Clause 15
Welfare Reform Bill
12:00 pm

Danny Alexander (Shadow Minister and Disability Spokesperson, Work & Pensions; Inverness, Nairn, Badenoch and Strathspey, Liberal Democrat)
It is a pleasure to welcome you to the Chair again, Mr. Hood. I look forward to serving under your chairmanship in what promises to be a lengthy but engagingly good-tempered sitting. I shall be brief, as much of what I wanted to raise was mentioned in the previous debate.
This is a probing amendment to ensure that the requirements of the Disability Discrimination Act 1995 and the Human Rights Act 1998 will be taken into account in the Department’s contracting with private and voluntary organisations that are to be engaged to deliver much of the work involved in rolling out pathways to work, and so on.
As he did during our sitting on 19 October, in his reply to the previous debate the Minister gave some welcome reassurances on the Disability Discrimination Act and the disability equality duty, which comes into force later next month and which providers in the private and voluntary sector will have to take into account.
I ask the Minister to say something in this debate about the Human Rights Act, because much of what we are discussing has implications under that Act, not least in respect of benefit sanctions, but in other areas, too. What consideration has the Minister’s Department given to the human rights implications of the contracting out of public functions under clause 15?
In respect of the sanctions, the Minister made it clear that the Government have no immediate intention of giving providers the power to sanction that the clause allows for. That may well come about in due course in the circumstances that the Minister tried to describe in the previous debate—if not to my satisfaction, at least to his.

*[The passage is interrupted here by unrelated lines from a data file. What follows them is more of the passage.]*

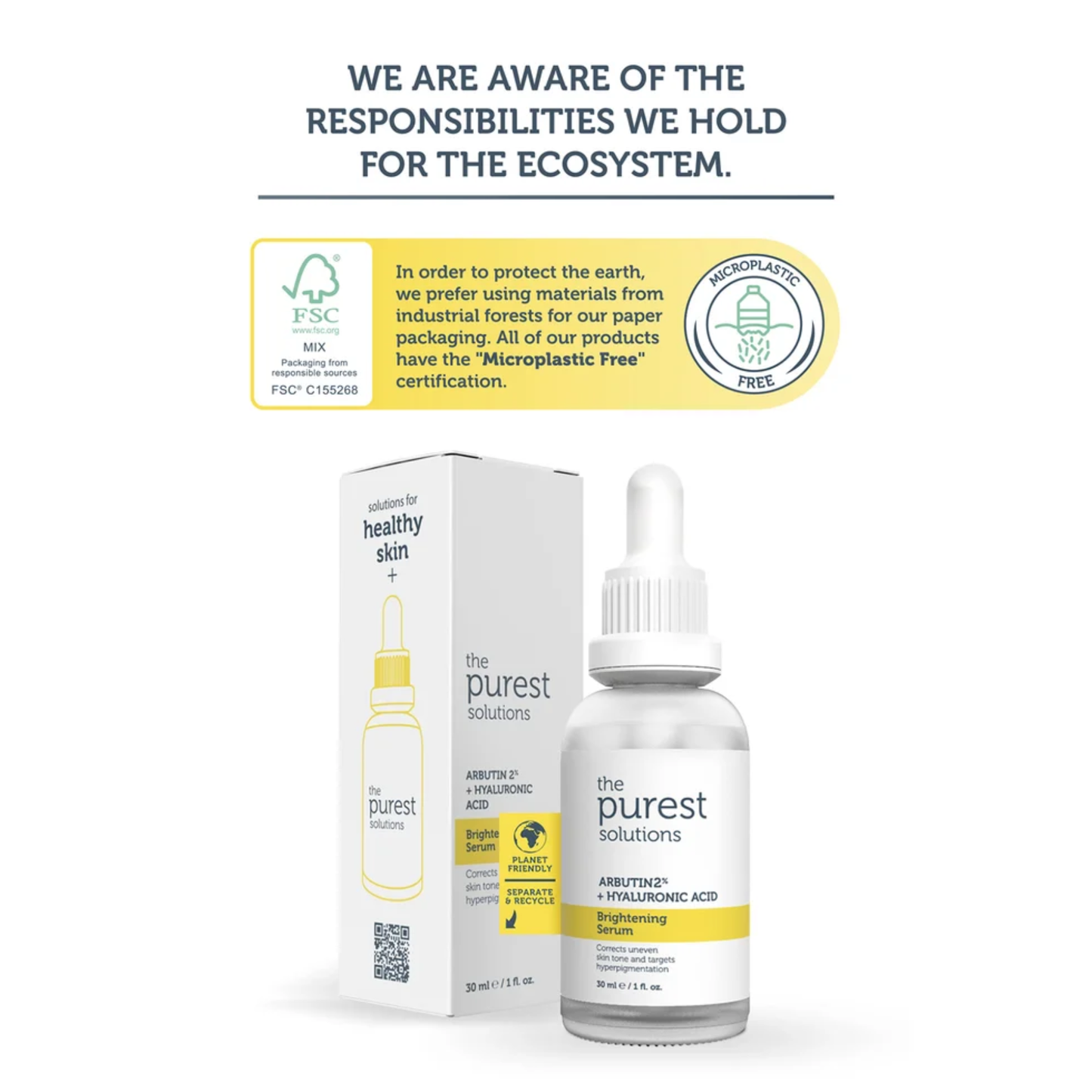 The Purest Solutions Brightening Serum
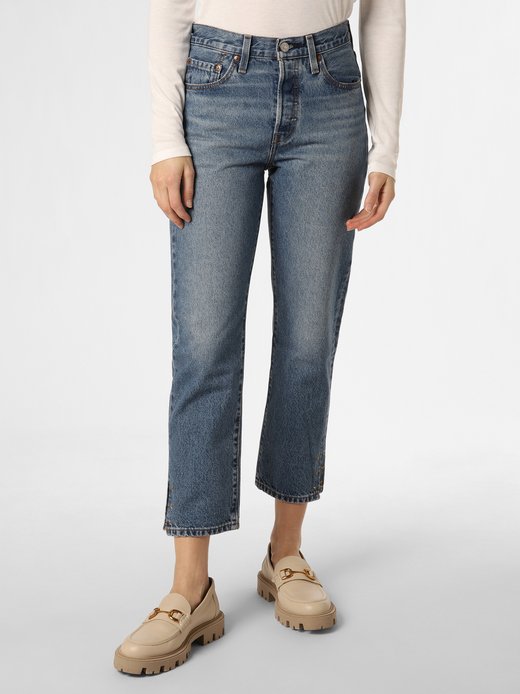 Jeansy damskie – 501® Original Cropped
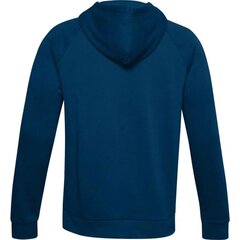 Мужской свитер Under Armor Rival Fleece Big Logo Hd M 1357093-581, синий цена и информация | Мужские толстовки | pigu.lt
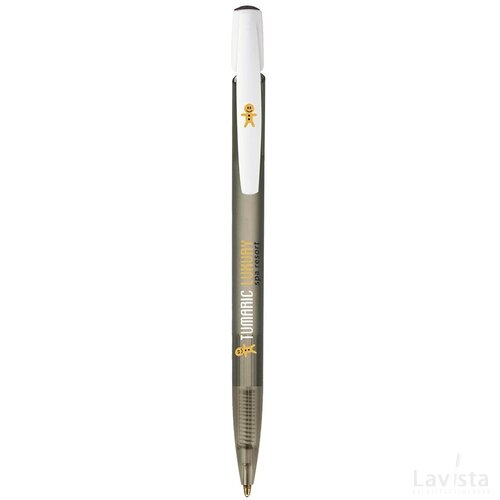 BIC pen | Kunststof | Blauw- of zwartschrijvend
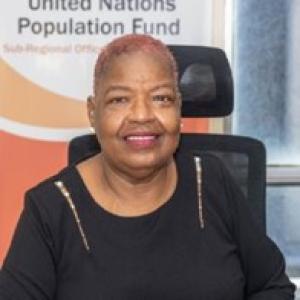 Elizabeth Arnold-Talbert, Director and Representative at UNFPA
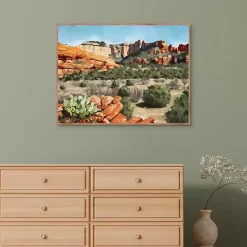 Sedona Framed Canvas Art Print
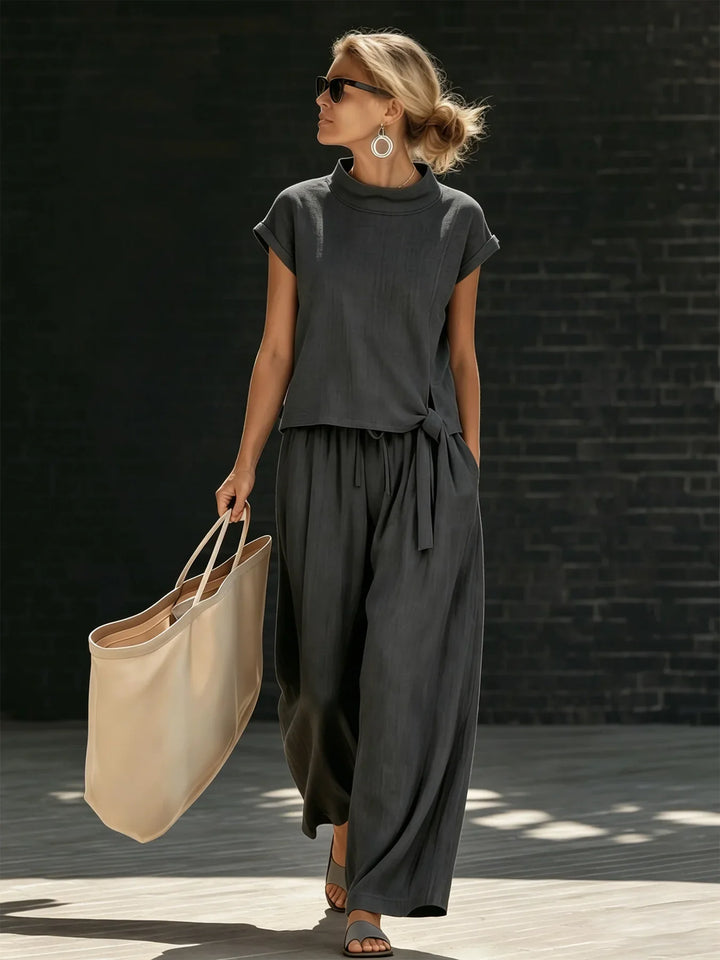 Brenda Tie Knot Two-Piece Set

Will the Minister give an undertaking that an assessment will be made of the policy’s impact on human rights, on child poverty and on disability equality, so that the potential adverse impacts of giving those powers to contracted-out providers are taken into account before any decision is made on contracting out sanctions? I got the impression from the Minister’s remarks in the previous debate that he is keen to enter a substantial number of caveats before any decision is made to contract out benefit sanction or decision-making powers. Before any decision is made, a wide range of factors must be taken into account and I will add them to his list: human rights, child poverty, disability equality. I look forward to the hon. Gentleman’s response.